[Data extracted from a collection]
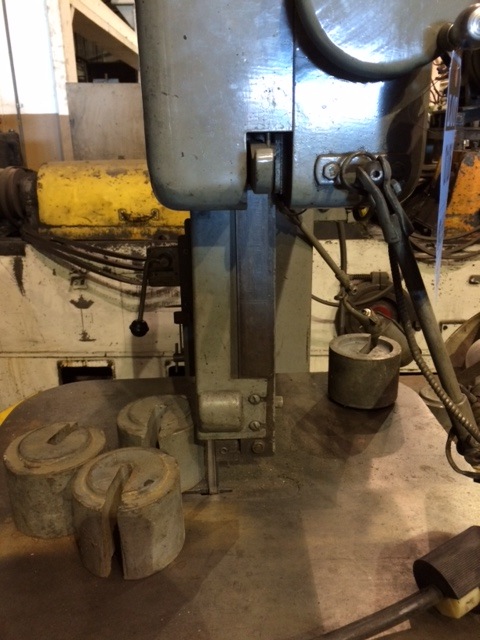 18" x 9" Grob #NS18, vertical band saw, tilting table, foot activated power feed - Image 3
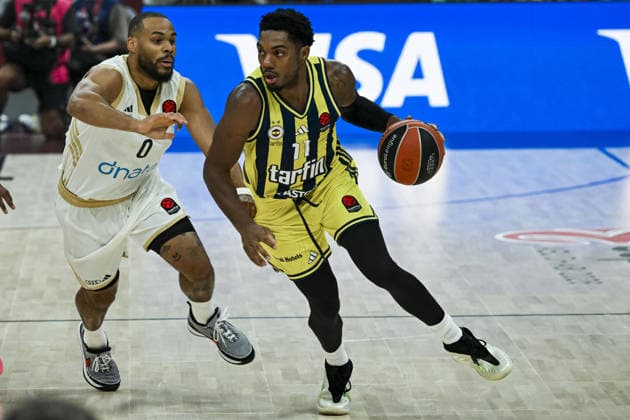 Fenerbahce Tarfin v Dubai Basketball - EuroLeague Basketball SuperCup ABU DHABI, UNITED ARAB EMIRATES - SEPTEMBER 19: Trent Forrest (R) of Fenerbahce Tarfin in action against Elie Okobo (L) of Dubai Basketball during the EuroLeague Basketball SuperCup third-place game between Dubai Basketball and Fenerbahce Tarfin at Etihad Arena in Abu Dhabi, United Arab Emirates, on September 19, 2026. Hassan al Raisi Anadolu Abu Dhabi United Arab Emirates. Editorial use only. Please get in touch for any other usage.  Copyright: x2026xAnadoluxHassanxalxRaisix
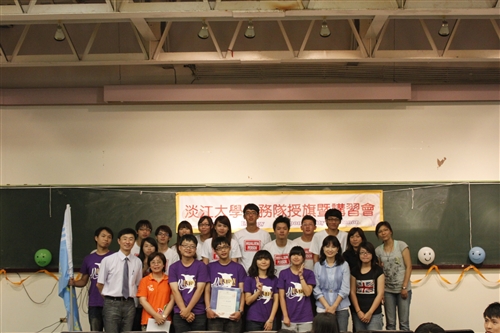 「服務無邊界、愛心傳千里」--本校暑期服務隊再出發。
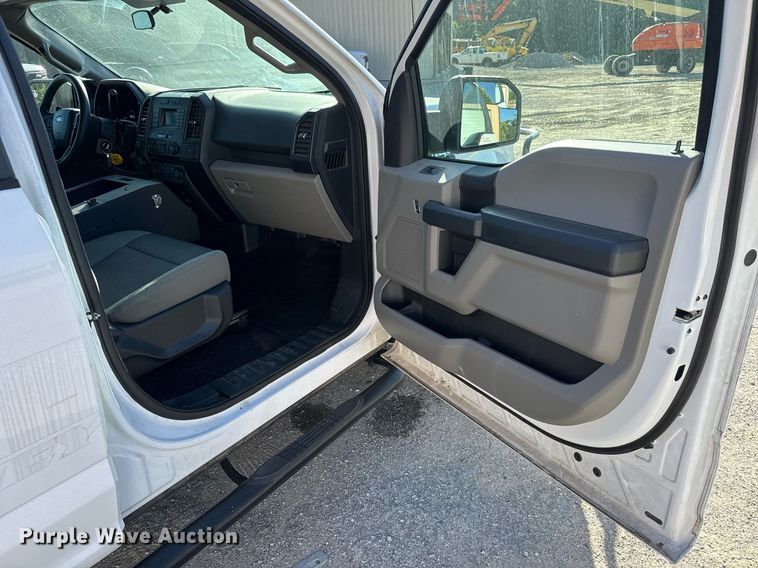 image for item DY0420 2017 Ford F150 SuperCrew pickup truck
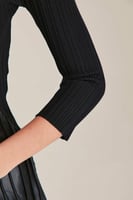 فستان بتنورة جلد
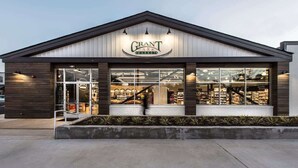 A modern building with a sign reading "Grant Park Markets". - Grant Grandeur (Atlanta)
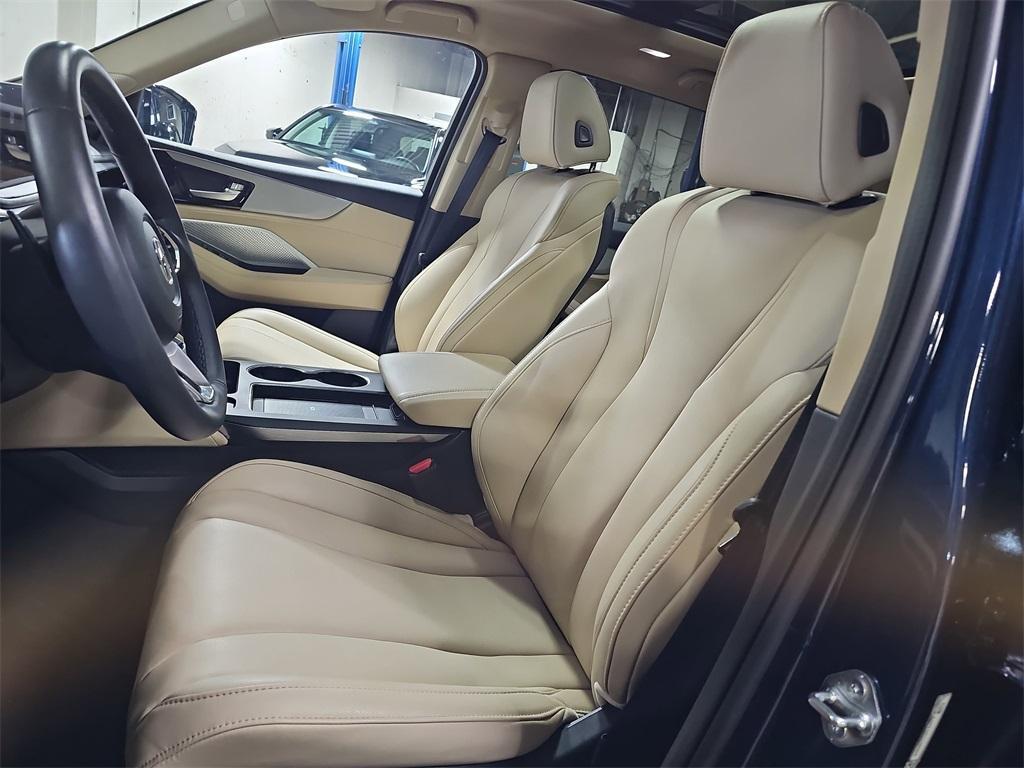 used 2025 Acura MDX car, priced at $46,798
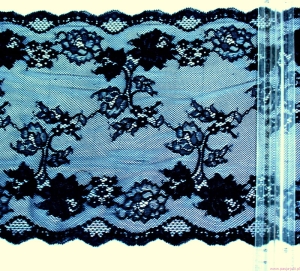 Koronka szeroka CZARNA 220 mm 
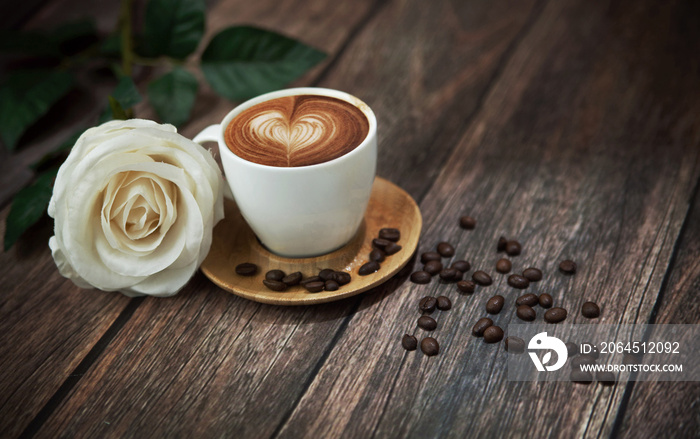 热咖啡和美丽的白玫瑰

Try it: Copy every record above exactly as written, but leave out the pictures.

Result for this exercise:
 18" x 9" Grob #NS18, vertical band saw, tilting table, foot activated power feed - Image 3
 Fenerbahce Tarfin v Dubai Basketball - EuroLeague Basketball SuperCup ABU DHABI, UNITED ARAB EMIRATES - SEPTEMBER 19: Trent Forrest (R) of Fenerbahce Tarfin in action against Elie Okobo (L) of Dubai Basketball during the EuroLeague Basketball SuperCup third-place game between Dubai Basketball and Fenerbahce Tarfin at Etihad Arena in Abu Dhabi, United Arab Emirates, on September 19, 2026. Hassan al Raisi Anadolu Abu Dhabi United Arab Emirates. Editorial use only. Please get in touch for any other usage.  Copyright: x2026xAnadoluxHassanxalxRaisix
 「服務無邊界、愛心傳千里」--本校暑期服務隊再出發。
 image for item DY0420 2017 Ford F150 SuperCrew pickup truck
 فستان بتنورة جلد
 A modern building with a sign reading "Grant Park Markets". - Grant Grandeur (Atlanta)
 used 2025 Acura MDX car, priced at $46,798
 Koronka szeroka CZARNA 220 mm 
 热咖啡和美丽的白玫瑰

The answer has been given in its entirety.